Yes it does. A year ago "it seemed" that the internet wasn't 100% insecure, however.

Therefore, this was more likely than not a cover.

I mean, we already know from Snowden that the bios bit is a lie. They didn't fix a vulnerability, they introduced one.

Edit: Not entirely sure why I'm being downvoted for this - see http://www.tomsitpro.com/articles/dell-nsa-ant-deitybounce-s... and http://leaksource.files.wordpress.com/2013/12/nsa-ant-deityb...

[SeanDav]

* "Edit: Not entirely sure why I'm being downvoted for this" *

You are implying something negative about Google. There are a lot of Google employees and Google fanboys active on HN that will happily downvote anything negative on Google whether it has merit or not.

That is not to say that everyone who works at Google or who likes Google products cannot accept criticism but a number will downvote you regardless.

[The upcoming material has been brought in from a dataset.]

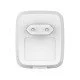 Strong POWERLWF600DUOMINI Adaptateur réseau CPL 600 Mbit/s Ethernet/LAN Wifi Blanc 2 pièce(s) Strong POWERLWF600DUOMINI Adaptateur réseau CPL 600 Mbit/s Ethernet/LAN Wifi Blanc 2 pièce(s)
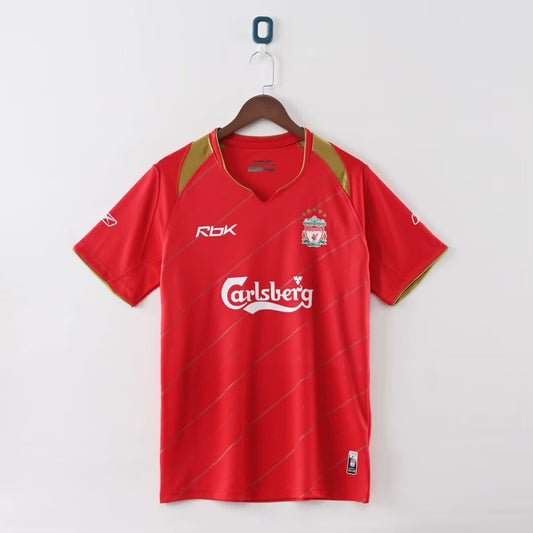 05/06 Liverpool Shirt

The same applies to Apple, Microsoft and other cliques. If you make a negative post about them, be prepared for downvotes.

In addition you are not presenting any proof and even though your point may be perfectly valid and correct it does smack of a conspiracy theory which tends to attract downvotes as well. Who knows what the real truth is, just don't use Google products if you are concerned, there are alternatives out there.

[rayiner]

> Yes it does. A year ago "it seemed" that the internet wasn't 100% insecure, however.

Who that knows anything about the internet ever thought it wasn't 100% insecure? It's a distributed network built routing packets untrusted intermediaries, and many of the core protocols send plain-text data in those packets. It's 100% insecure by design.

[abritishguy]

>more likely than not a cover.

And this is where reasoned debate turns into conspiracy theories.

> we already know from Snowden that the bios bit is a lie

Do we? So because they discovered a vulnerability in a particular Dell server in 2007 (discovered != introduced) this means that they could not have possibly disclosed details of a different bios vulnerability to tech giants years later?

> Not entirely sure why I'm being downvoted for this

Because you are claiming opinion and speculation as fact.

[throwaway7737]

I'm very concerned about the mass surveillance revealed by Snowden, but based on those links I can't really see that any cooperation was needed.

The last link makes it quite clear that this is about the NSA reflashing machine BIOS with a compromised version ("Through remote access or interdiction"). If the NSA decides to reroute your shipment of a new computer to their facility to mess with it, no amount of BIOS security is going to stop that. The same applies if they already have remote access (I'm guessing in that case it's about implanting a persistent backdoor in case the targeted user wipes his machine).

I would expect that they have ready-to-go compromised BIOS replacements with persistent backdoors for most popular machines.

The tomsitpro article suggests that this has been "solved" by UEFI signed BIOS firmware, which is just ridiculous. Does anyone really believe that the NSA does not have access to means to get stuff signed by CAs? Just looking at what they're trying to do they would be seriously incompetent if they did not (the CA system is a joke!). And even if they were so incompetent, what's to stop them from using a hardware flasher to flash the BIOS chip directly if they already have physical access to the machine through interdiction?

[meowface]

What suggests this is a cover?

The NSA's biggest public facing role is to provide security to the government and private sectors. It's not at all unusual or suspicious that Alexander would meet with top CEOs to discuss security and mitigation strategies, without any of the CEOs knowing the extent of the wiretapping going on.

I highly doubt anyone at Google was aware of traffic being intercepted between their data centers during these meetings as well. I'm sure Alexander knew, but he only told Google what they needed to know.